The lines from the one with "Dog Adventure Wall" through the last line of the material below, copied exactly and free of pictures, make up the whole answer.

## INPUT DATA
>>>>>

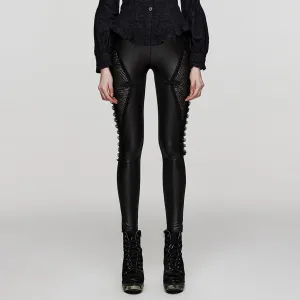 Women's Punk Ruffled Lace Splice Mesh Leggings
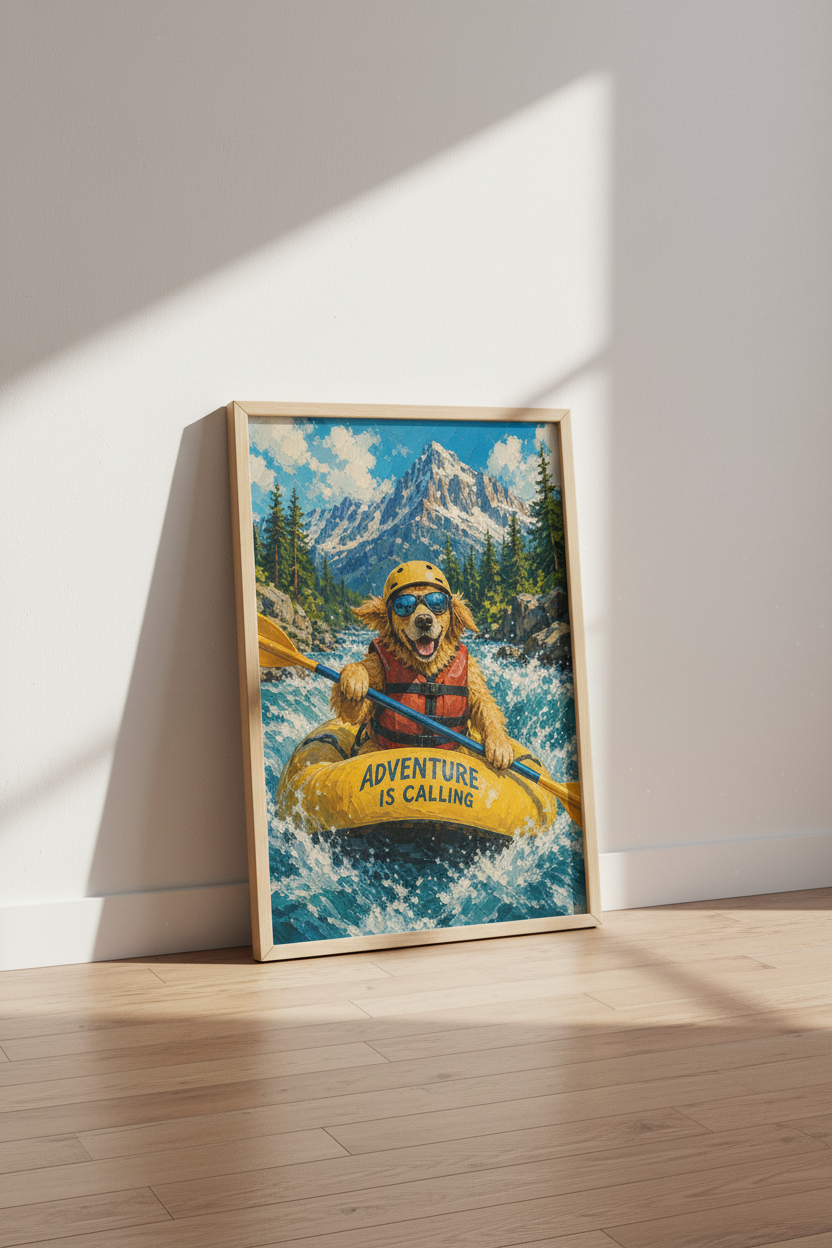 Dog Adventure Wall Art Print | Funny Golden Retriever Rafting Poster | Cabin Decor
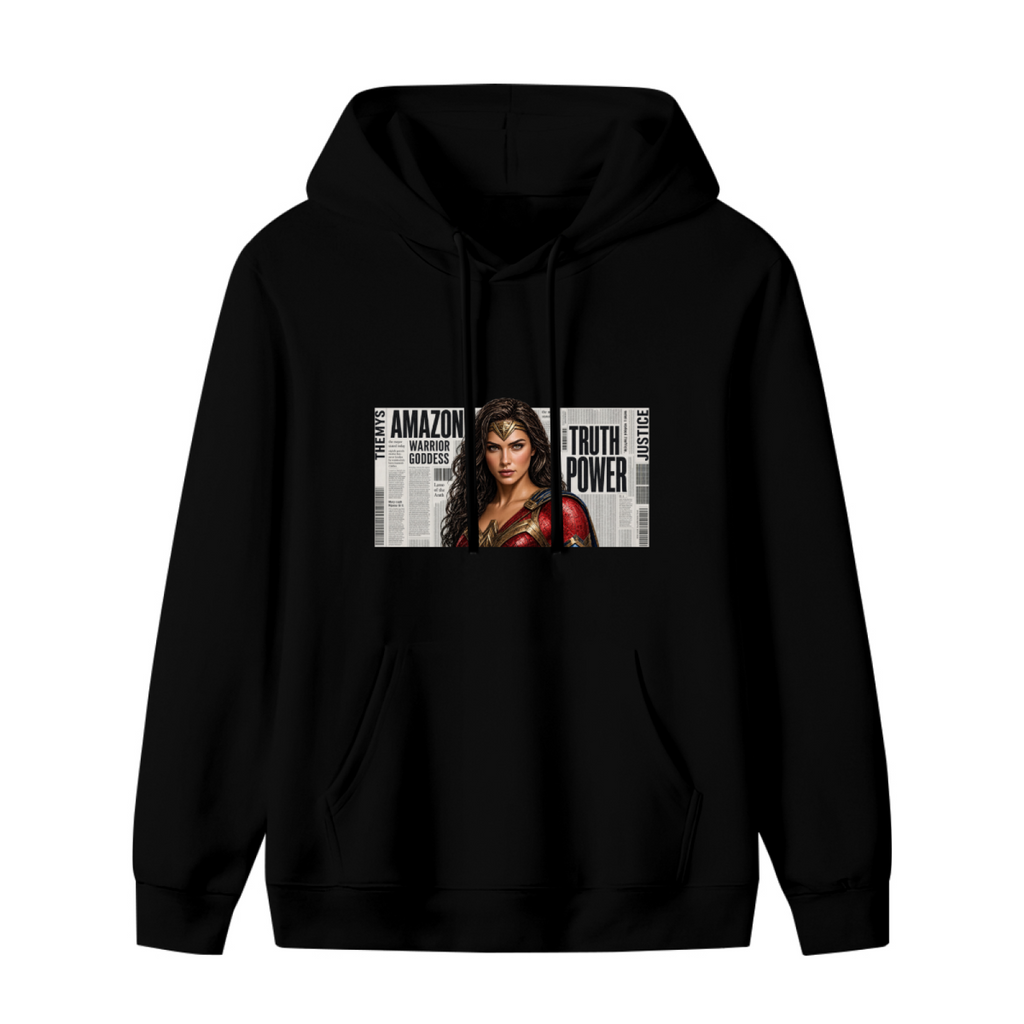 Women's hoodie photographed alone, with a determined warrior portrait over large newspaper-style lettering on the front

<<<<<

## EXERCISE ANSWER
 Dog Adventure Wall Art Print | Funny Golden Retriever Rafting Poster | Cabin Decor
 Women's hoodie photographed alone, with a determined warrior portrait over large newspaper-style lettering on the front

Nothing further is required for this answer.